• Well, I went to West Bromwich yesterday, and was careful not to have any milk in my tea and drank lots of water. I had orange juice on my Crunchy Nut cornflakes, much to my dear son’s disgust. It’s something my Mother-in-law used to do when she became diabetic. I’m not sure that the honey coating went well with the orange. I’ll try something a bit blander next time.

    I have to say that today my throat and chest don’t feel nearly as bad as they normally do. Maybe there is something in this no-dairy thing. It’s very hard to go completely non-dairy with out upsetting the diets of those you live with, but my daughter has joined me in the experiment as she has a singing exam next week and thinks that it may help her. Getting used to black tea and coffee quite quickly and experimenting with lemon and honey in my tea. I think there may be all sorts of exciting teas to try… maybe jasmine next.

    There were over two hundred children in the audience at West Bromwich Town Hall yesterday. One young girl came up to me with a white cardboard box that contained various bits of technology. She pulled her hearing aids out of her ears and attached radio receivers to the bottom of each, then she gave me the radio microphone to wear. This was such a neat unit. I could hide the wire under my jumper so that you wouldn’t know I was wearing it. Usually these devices are quite clunky things you wear round your neck.

    We checked it worked and the girl went and sat down with her friends. After a short conversation with Diane, the librarian who had organised the event, I spoke quietly into the microphone. “Can you hear me?” I asked. The girl turned round and nodded. “You can hear all my secret conversations, can’t you?” I said. “She beamed a huge toothless smile. I carried on talking to her across the room. Then I noticed the nearest children were watching me, apparently talking to myself. I told the girl that they thought I was mad talking to myself. She thought it was very funny.

    I’ve often worn these devices and always feel there is an invisible cord connecting me to the child on the other end.
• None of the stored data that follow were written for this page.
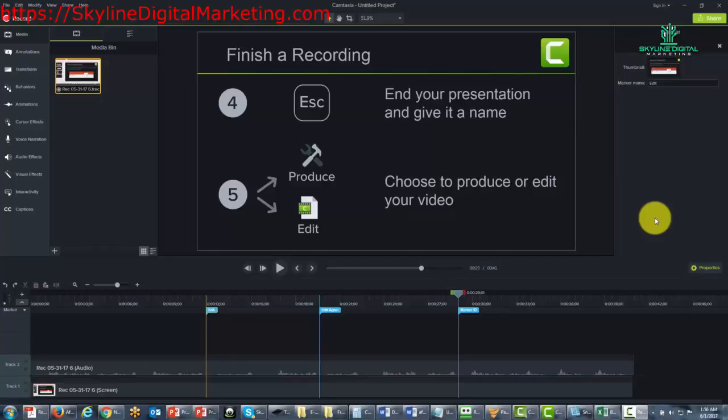Welcome back. Now in this video we want to discuss very briefly another use for the markers that we talked about in the previous video.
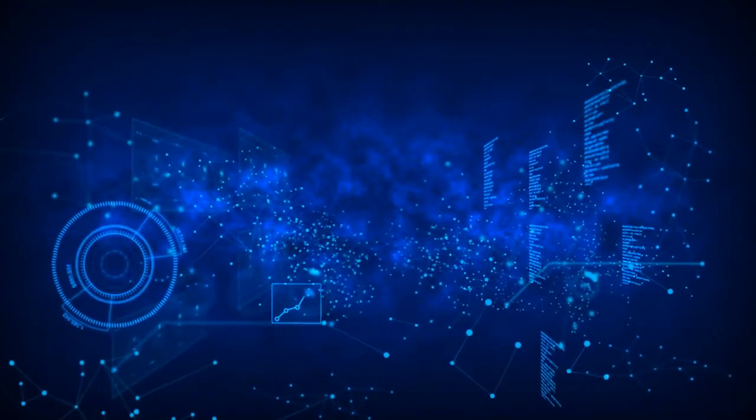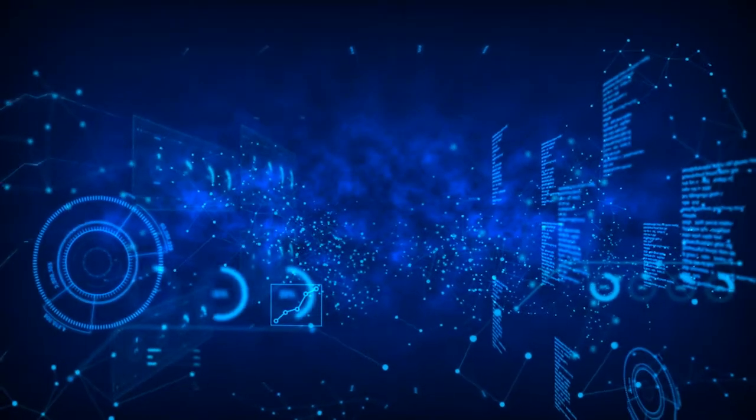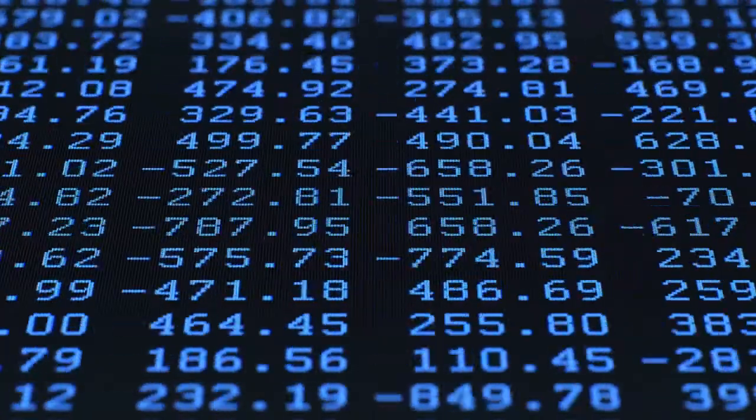Over the past few decades, financial markets have undergone remarkable transformation due to advances in technology and large amounts of data. The availability of big data opens up the possibility of using machine learning and artificial intelligence methods for FinTech applications.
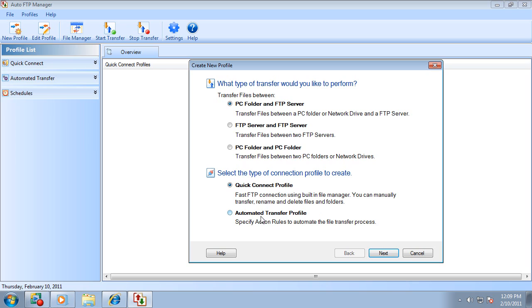The automated transfer profile allows you to create a set of action rules to automate the file transfer process.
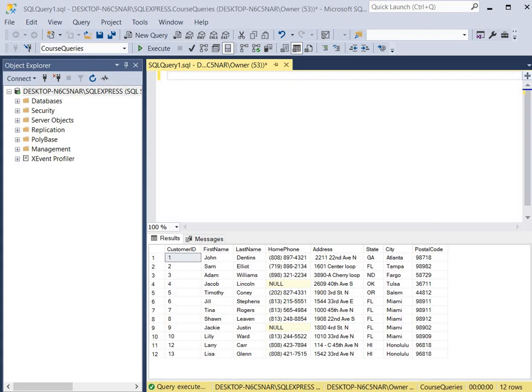Hello and welcome to my channel. Today I will discuss how to create a trigger on a table. I will go over how to add a trigger that affects a single column and how to add a trigger that affects multiple columns.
Perhaps because they are so focussed on my voice they feel I’m talking to them personally and that feeds back to me. Of the hundreds of thousands of children I must have read stories to, many of the one’s with the radio mikes are the ones that I remember.


  • I have been reading all sorts of stuff on the internet this morning, in search of ways to make school visits less tiring. It all seems to come down to dairy products. Talk about agendas! One camp are anti-dairy. They are generally vegetarians and come with lots of new-age baggage and then there are the pro-dairy guys. Strangely, if you dig through the pro sites they seem to be sponsored by dairy concerns!

    I don’t want to go into the minutiae of phlegm and pus cell counts in milk, but I’m going to give up dairy for a week and see if it has any effect. Everything I read about voice control and public speaking suggests that mucus build up is a big problem. Disgusting isn’t it? I will enjoy keeping the world updated with my experiment. Pass the carrot juice!


  • studiositeWell, people do read my blog! I heard from the author and illustrator, Ted Dewan, this morning. He famously works in Philip Pullman’s old shed. What vibes are stored in those walls?

    I thought I would bring things up to date on the project. I’ve cleared the site and dug the footings. I’ve ordered the materials to make the concrete pad that the “shed/studio” is going to sit on and I’ve got my eye on a door on eBay! The basic design is sorted but will adapt around the door that I eventually get. The photo shows the site, which is a bit tired from winter at the moment. In the foreground are timbers I’ve been looking after for nearly four years now, with just this project in mind. I might be in for the summer!

    My Mum told my Norwegian Aunt, Tante Nilla, about this project. She said it’s only right as both Greig and Ibsen both worked in garden sheds (or hutte as the Norwegians call them). Roal Dahl famously worked in a garden shed, but then he was Norwegian too. There must be some sort of macho Viking thing about working in sheds.